# Tokyo - Singapore + 10 Other Worldwide Locations - 1GB VPS starting at $7 / month



## Kakashi (Aug 28, 2015)

*Reviews Here:*
http://www.webhostingtalk.com/showthread.php?t=1448446
http://www.webhostingtalk.com/showthread.php?t=1353217
http://www.webhostingtalk.com/showthread.php?t=1352762
http://www.webhostingtalk.com/showthread.php?t=1206379
http://www.webhostingtalk.com/showthread.php?t=1163987
http://www.webhostingtalk.com/showthread.php?t=1154520
http://www.webhostingtalk.com/showthread.php?t=1139007 
http://www.webhostingtalk.com/showthread.php?t=1100962
http://www.webhostingtalk.com/showthread.php?t=1109608
http://www.webhostingtalk.com/showthread.php?t=1119773
I am happy to announce that we have restructured our packages and are now able to offer our Basic VPS with 1GB RAM whilst keeping the price the same.
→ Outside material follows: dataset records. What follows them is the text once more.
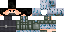 Minecraft skin texture, 64x32 legacy pixels
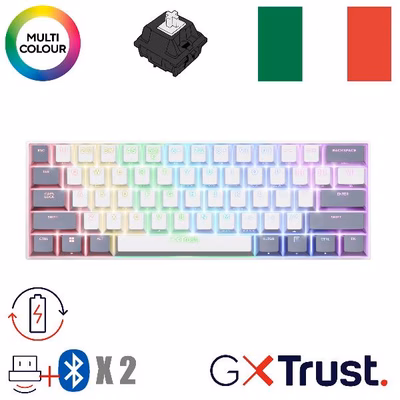 Immagine di Gxt873 acira tri wireless keybd wht it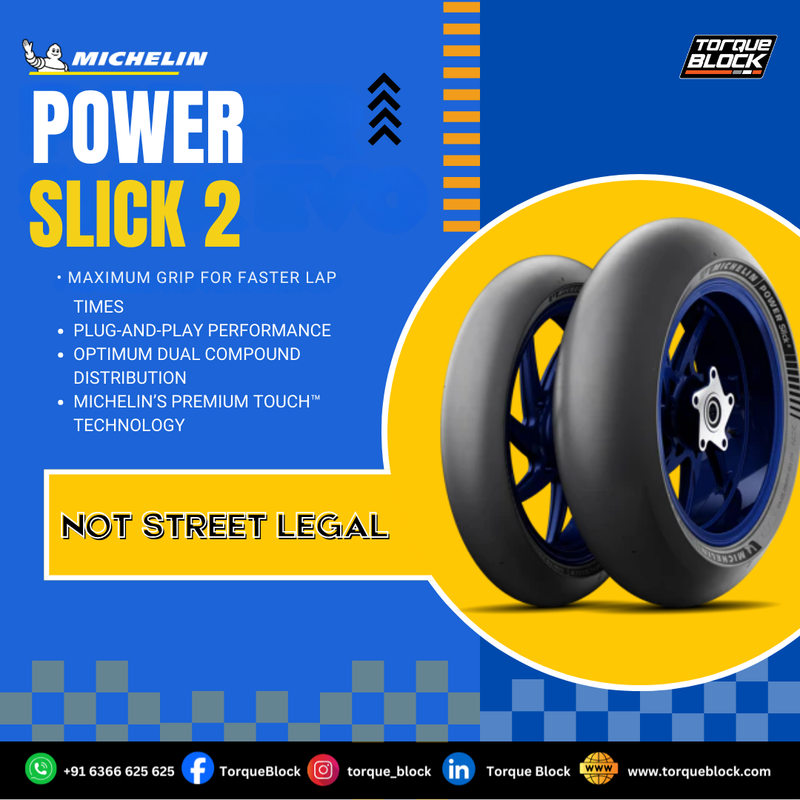 Order Michelin Power Slick Evo 190/55r17 Rear Tyre Torque Block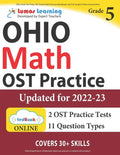 Ohio State Test Prep: 5th Grade Math Practice Workbook and Full-length Online Assessments: OST Study Guide - Paperback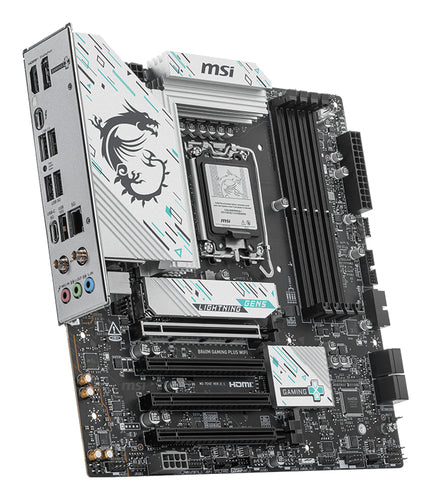 MSI B860M GAMING PLUS WIFI bundkort - LGA1851, micro-ATX - visning 4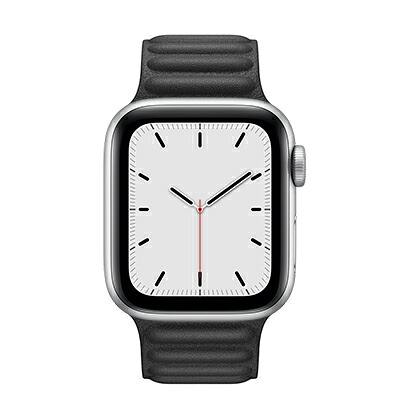 Apple Apple Watch SE 40粍 GPS模範例 MYE02J/A+MY9A2FE/A A2351【スペースグレイアルミニウムケース/ブラックレザーリンク】 [中古] 【当社３ヶ月間引き請ける】 イオシス スマートフォン・タブレット-スマートウォッチ本体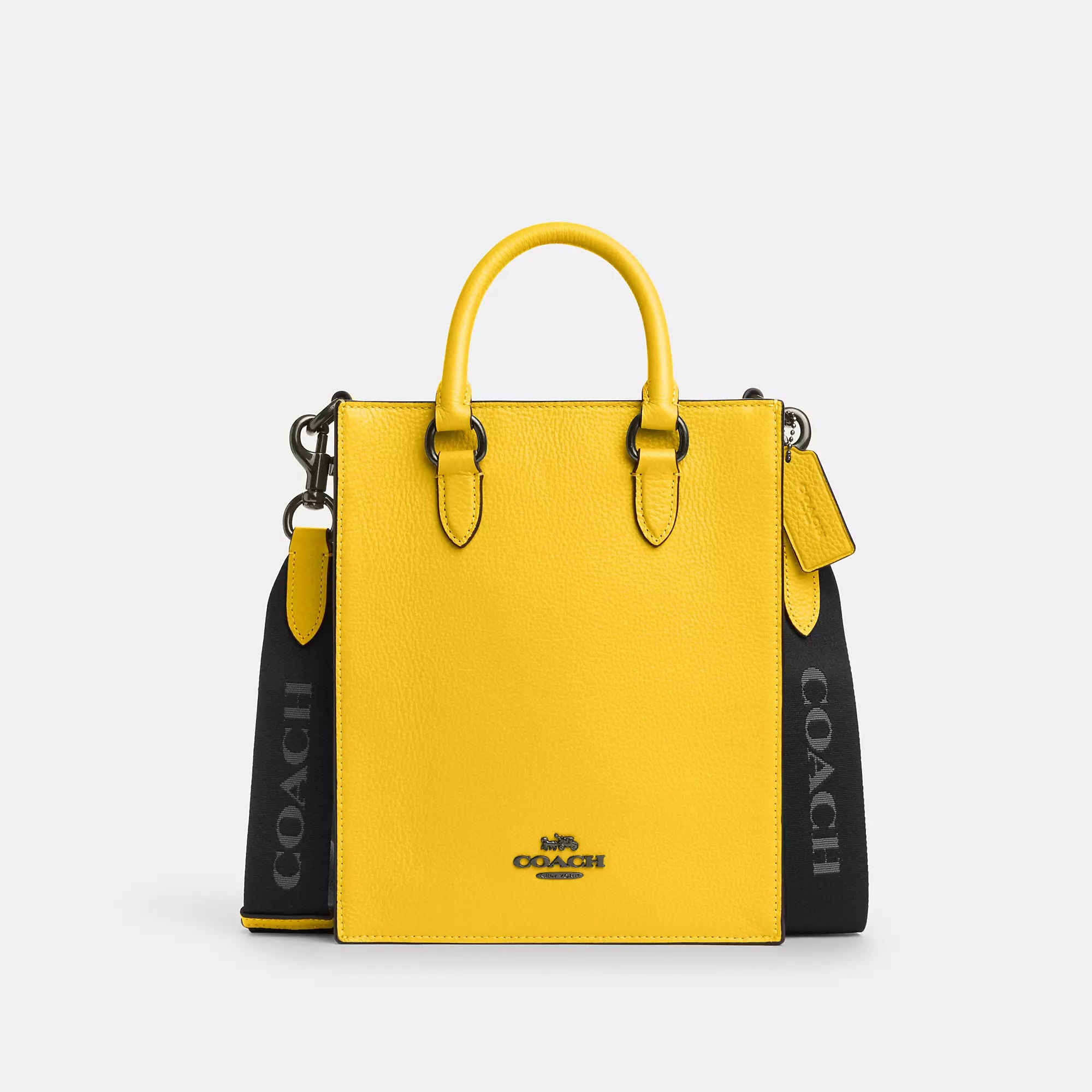 

Сумка-тоут Coach Outlet Dylan, цвет gunmetal/honey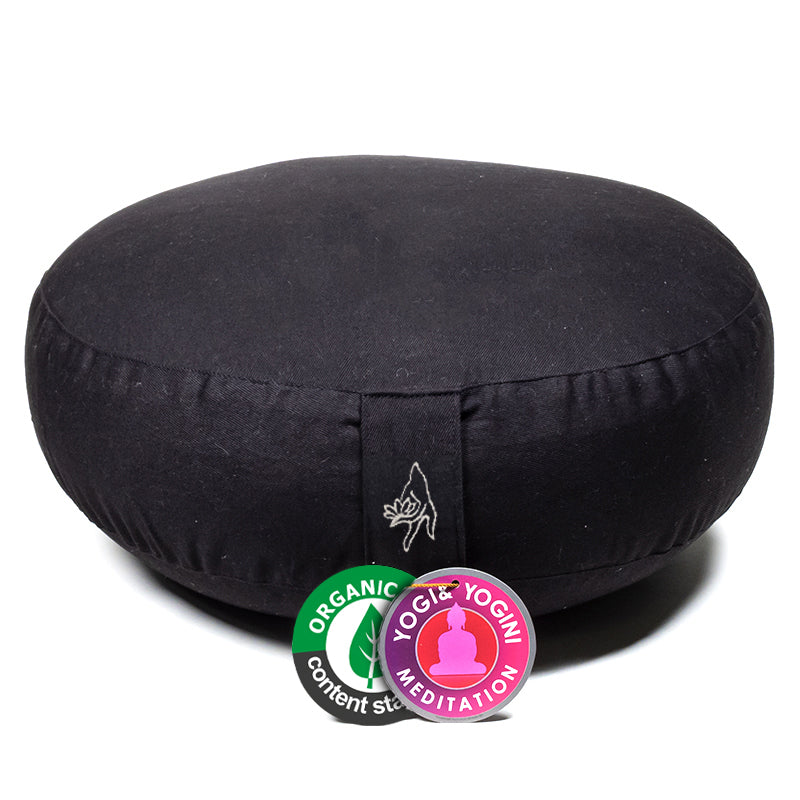 8070 Meditatiekussen Bio 12 cm Zwart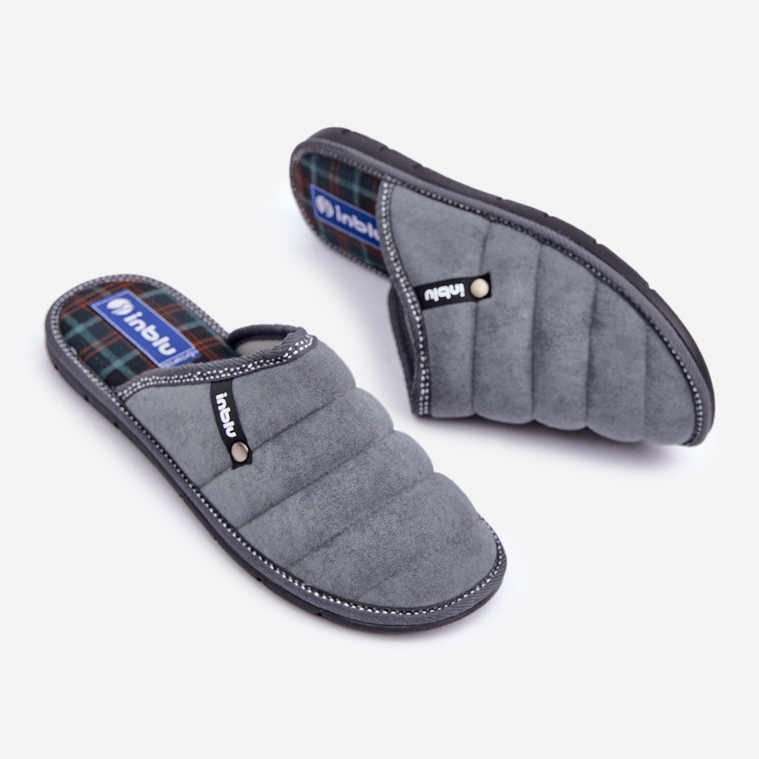 Inblu Calçado Masculino Confortável para Casa Cinza 2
All of our VPS Hosts are utilising VMware as it's Hypervisor. VMware is the most mature, reliable and cutting edge Hypervisor available. Our team has been working with VMware for several years now and with VCP certified engineers on board you can rest assured you're in safe hands.

We will not oversell any of our resources and have the ability to move Virtual Servers around our hosts with no downtime.:

*Locations : *

*Singapore - Softlayer
Tokyo - Softlayer*
London (Maidenhead) - Rapidswitch
Netherlands - Serverius
Los Angeles - Gigenet
Phoenix - IOFLOOD
Dallas - Enzu
Denver - HandyNetworks
Tampa - Hivelocity
Atlanta - Ubiquity
Chicago - Gigenet
NY/NJ - Choopa/AtlanticMetro


*Here are the packages:*

*Basic VPS*
*30GB SSD* or RAID10 Storage. (Depending on Location)
*1GB* Dedicated RAM
*2 CPU Cores* (3 CPU Cores in Tokyo + Singapore)
*2000GB - 1000GB* Bandwidth (Depnding on Location)
*1 Gbit *Connectivity (Unmetered Available)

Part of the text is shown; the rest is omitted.